# Description of Notebook
In this Notebook we will create the states for the Job Scheduling Problem in the deterministic case.<br>
In every non-final state an action can be taken, leading to one of the successor states. Therefore, we construct a function that computes every possible state of a given problem environment by representing it with an initial state and iteratively transitioning to every feasible successor state.<br> Here, a state corresponds to a moment in a schedule in which a decision has to be taken, i.e. a Machine becomes free. The actions therefore consist of turning it off or assigning a Job to it. Since we approach this problem from the perspective of Deep Q-Learning, every state needs a Q-value for every feasible action. These will induce the target values. Finally, we will define a composite function executing all these steps.<br>

Policies can be deduced from the states and their Q-values.
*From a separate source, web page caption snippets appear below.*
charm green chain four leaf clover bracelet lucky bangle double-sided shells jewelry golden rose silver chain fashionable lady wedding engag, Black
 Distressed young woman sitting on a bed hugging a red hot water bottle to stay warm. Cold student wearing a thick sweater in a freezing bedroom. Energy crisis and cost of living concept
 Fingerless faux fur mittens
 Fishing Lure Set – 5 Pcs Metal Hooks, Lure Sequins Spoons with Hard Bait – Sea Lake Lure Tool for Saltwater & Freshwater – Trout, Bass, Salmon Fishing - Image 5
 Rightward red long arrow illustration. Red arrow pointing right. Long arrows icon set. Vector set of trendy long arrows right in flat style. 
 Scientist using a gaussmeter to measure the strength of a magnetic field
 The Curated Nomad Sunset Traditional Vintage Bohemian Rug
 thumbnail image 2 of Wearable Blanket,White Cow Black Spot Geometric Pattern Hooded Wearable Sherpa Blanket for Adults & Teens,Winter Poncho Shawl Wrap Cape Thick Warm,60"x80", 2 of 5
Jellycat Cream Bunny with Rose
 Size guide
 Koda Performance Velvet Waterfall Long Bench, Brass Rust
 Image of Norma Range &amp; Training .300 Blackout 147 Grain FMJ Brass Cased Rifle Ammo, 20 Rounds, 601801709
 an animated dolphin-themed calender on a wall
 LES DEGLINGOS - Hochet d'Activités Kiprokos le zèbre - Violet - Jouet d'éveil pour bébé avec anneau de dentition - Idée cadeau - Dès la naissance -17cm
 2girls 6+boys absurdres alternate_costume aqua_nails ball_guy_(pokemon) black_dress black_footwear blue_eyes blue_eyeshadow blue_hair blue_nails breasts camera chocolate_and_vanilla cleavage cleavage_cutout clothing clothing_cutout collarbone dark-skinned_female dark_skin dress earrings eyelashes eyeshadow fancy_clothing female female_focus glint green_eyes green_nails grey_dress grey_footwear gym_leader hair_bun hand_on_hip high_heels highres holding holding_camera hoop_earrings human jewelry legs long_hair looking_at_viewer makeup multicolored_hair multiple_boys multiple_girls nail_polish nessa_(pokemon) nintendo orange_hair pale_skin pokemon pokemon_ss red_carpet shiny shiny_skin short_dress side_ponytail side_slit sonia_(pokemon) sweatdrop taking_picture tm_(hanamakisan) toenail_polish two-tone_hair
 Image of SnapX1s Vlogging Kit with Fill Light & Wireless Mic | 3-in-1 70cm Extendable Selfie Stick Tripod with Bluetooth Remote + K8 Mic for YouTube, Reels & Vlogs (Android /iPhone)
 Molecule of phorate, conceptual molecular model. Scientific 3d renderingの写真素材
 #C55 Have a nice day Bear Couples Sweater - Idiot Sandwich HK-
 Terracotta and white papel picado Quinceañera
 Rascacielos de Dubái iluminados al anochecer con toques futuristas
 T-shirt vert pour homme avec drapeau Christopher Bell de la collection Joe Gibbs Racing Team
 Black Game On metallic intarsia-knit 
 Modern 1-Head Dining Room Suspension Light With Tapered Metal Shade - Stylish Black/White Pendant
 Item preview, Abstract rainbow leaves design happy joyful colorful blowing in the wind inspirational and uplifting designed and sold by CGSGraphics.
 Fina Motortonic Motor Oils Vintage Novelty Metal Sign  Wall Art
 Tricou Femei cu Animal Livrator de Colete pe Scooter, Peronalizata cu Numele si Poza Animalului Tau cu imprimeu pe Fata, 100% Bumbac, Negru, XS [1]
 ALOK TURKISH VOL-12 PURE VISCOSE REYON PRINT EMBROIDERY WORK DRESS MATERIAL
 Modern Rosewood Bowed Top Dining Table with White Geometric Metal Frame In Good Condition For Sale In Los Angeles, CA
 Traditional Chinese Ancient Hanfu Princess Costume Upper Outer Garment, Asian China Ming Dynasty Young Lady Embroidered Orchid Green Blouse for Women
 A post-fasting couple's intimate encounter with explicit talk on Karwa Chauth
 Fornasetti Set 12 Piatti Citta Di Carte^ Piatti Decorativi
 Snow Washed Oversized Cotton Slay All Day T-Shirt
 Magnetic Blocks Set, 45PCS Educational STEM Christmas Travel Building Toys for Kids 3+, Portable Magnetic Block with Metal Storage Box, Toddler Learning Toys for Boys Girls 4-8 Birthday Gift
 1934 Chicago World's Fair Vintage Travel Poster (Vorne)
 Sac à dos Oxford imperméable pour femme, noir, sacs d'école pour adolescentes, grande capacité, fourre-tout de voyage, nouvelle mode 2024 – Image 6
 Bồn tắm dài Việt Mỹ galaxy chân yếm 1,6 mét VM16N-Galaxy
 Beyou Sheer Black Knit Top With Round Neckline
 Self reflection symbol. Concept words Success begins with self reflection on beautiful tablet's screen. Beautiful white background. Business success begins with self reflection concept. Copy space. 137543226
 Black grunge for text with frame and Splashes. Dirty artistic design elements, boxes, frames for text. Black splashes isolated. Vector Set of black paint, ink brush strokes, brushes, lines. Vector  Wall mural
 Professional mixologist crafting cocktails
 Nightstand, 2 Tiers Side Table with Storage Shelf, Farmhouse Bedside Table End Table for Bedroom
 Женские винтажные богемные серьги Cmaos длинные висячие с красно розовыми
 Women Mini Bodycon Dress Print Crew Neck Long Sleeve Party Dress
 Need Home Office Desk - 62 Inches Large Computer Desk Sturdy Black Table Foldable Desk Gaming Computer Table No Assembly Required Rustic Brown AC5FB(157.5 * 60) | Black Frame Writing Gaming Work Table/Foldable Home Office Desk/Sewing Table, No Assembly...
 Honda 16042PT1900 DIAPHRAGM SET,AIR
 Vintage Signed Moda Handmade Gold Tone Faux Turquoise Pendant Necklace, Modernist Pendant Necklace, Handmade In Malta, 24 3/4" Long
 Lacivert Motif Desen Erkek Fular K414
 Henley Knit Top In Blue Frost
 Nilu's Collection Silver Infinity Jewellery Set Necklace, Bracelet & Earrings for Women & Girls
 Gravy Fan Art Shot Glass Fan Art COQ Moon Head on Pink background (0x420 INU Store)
These are equivalent to scheduling rules. A function will be given to compute the optimal as well as a random Policy.

# Code

In [None]:
#import dependencies
import operator
import random
import numpy as np
import copy
import time
import pickle
import import_ipynb
from Jobs_and_Machines import *
from Global_Variables import *

### Class of States
The idea is that the Machines will be processing the Jobs. Whenever a Job finishes, a Machine gets free and therefore an action has to be taken. This situation will be represented with a State.<br>
Feasible actions in this state are to assign a pending Job to the free Machine or to shut it down, which means it cannot be used anymore from here on.<br>
If all Jobs have been assigned and/or processed already, the state is final and no decision has to be taken.<br>
In case that more than one Machine is free at some point, we will always use the free Machine with the lowest index first. After having taken an action on it, it is not free anymore and we move to the next state, which will happen to have the same time, to take care of the next free Machine.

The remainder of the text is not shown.